Najbardziej mnie martwi, że mam za małe mieszkanie. Na sterylizację kotek trochę sobie odkładałam. Kastracja będzie tańsza - więc też jakoś to będzie. Kuwety już mam 2 więc chyba się nie pogryzą. Jestem, też w trakcie zabudowywania balkonu - mój zdeklarowany antykotny ślubny zabuduje balkon.
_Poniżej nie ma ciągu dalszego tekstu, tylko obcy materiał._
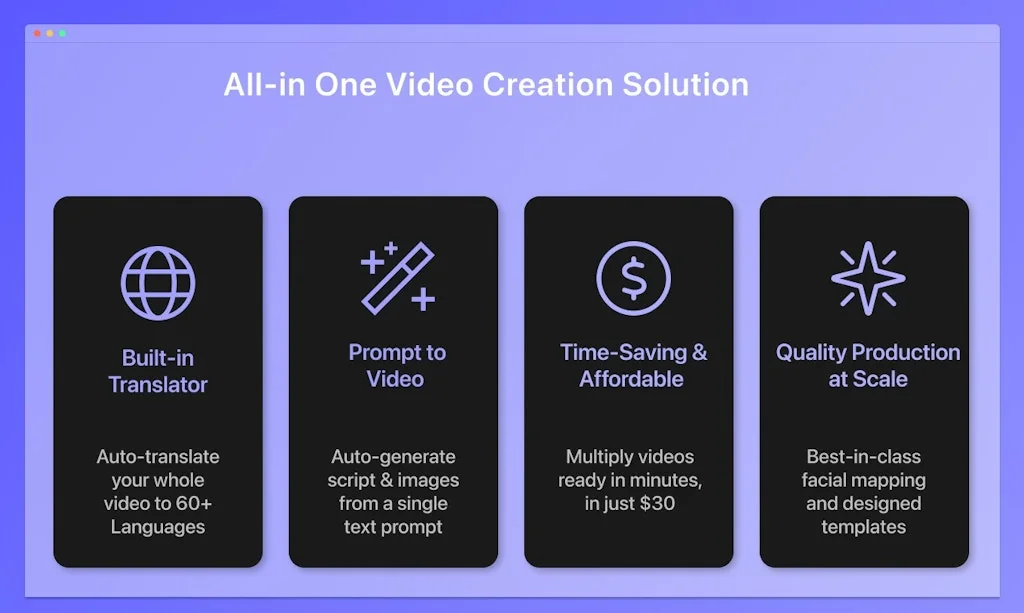 Reals by Hour One screenshot 1 of 5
Ten wątek tylko mnie utwierdził, że brać i nie patrzeć. Ja dam - tak myślę - dobry dom dla kotka, a reszta się ułoży. To, że koty mogą chorować już mnie nie przeraża. Moja czarna Fjara jakiś tydzień po tym jak trafiła do mnie dostała jakichś wyprysków na głowie - zaraz antybiotyk, leczenie - koszty. I co z tego - my też chorujemy, a biorąc zwierzaki trzeba się liczyć z odpowiedzialnością.
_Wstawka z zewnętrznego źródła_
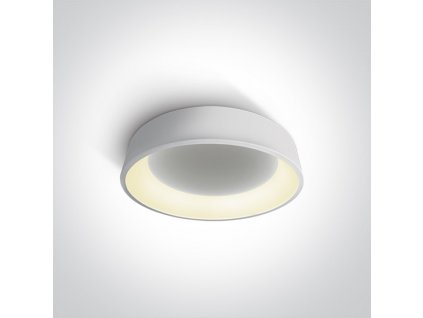 Stropní svítidlo Lomo bílé LED 32W 2720lm 230V IP20 3000K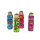 Mechero Clipper con funda de silicona - Hippie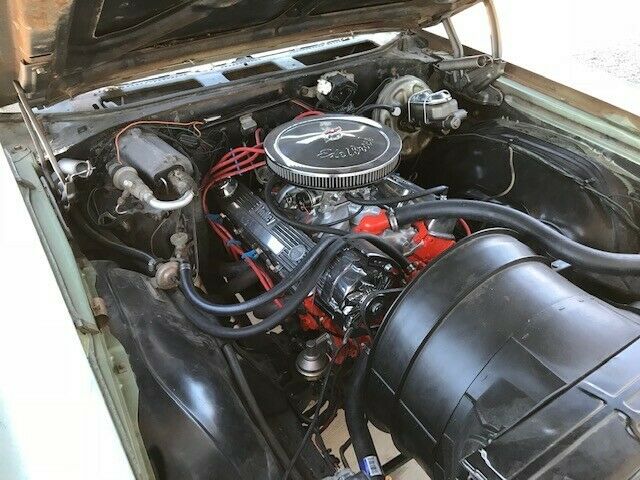 Chevrolet Monte Carlo 1970 image number 37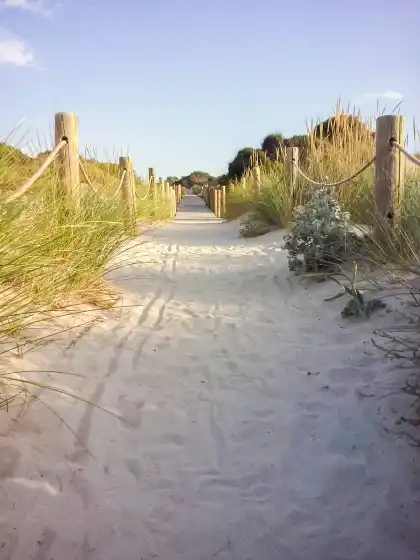 Alquiler vacacional en Ca minorica, Son Parc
Reasumując - widzę, że nie ja jedna mam te wątpliwości w główce co do 3 kota (już mam nawet imię dla niego: Firer, pięknie prawda). :)

Re: DYLEMAT. TRZECI KOT W DOMU????-piszcie-Maciej sie ugina;

PostNapisane: Nie lut 25, 2018 8:00
przez Kacha76
Jakbym czytała o sobie :oops: mam dwa koty kocurek 6 mcy i kotka 8mcy (bardzo sie lubia, wspolna micha itp) . Moje serce woła wez trzeciego ale ...obawiam sie ze trzeci kot zburzy całkowicie relacje tej dwojki. Poza tym do mieszanej pary wziac małego kocurka czy kotke?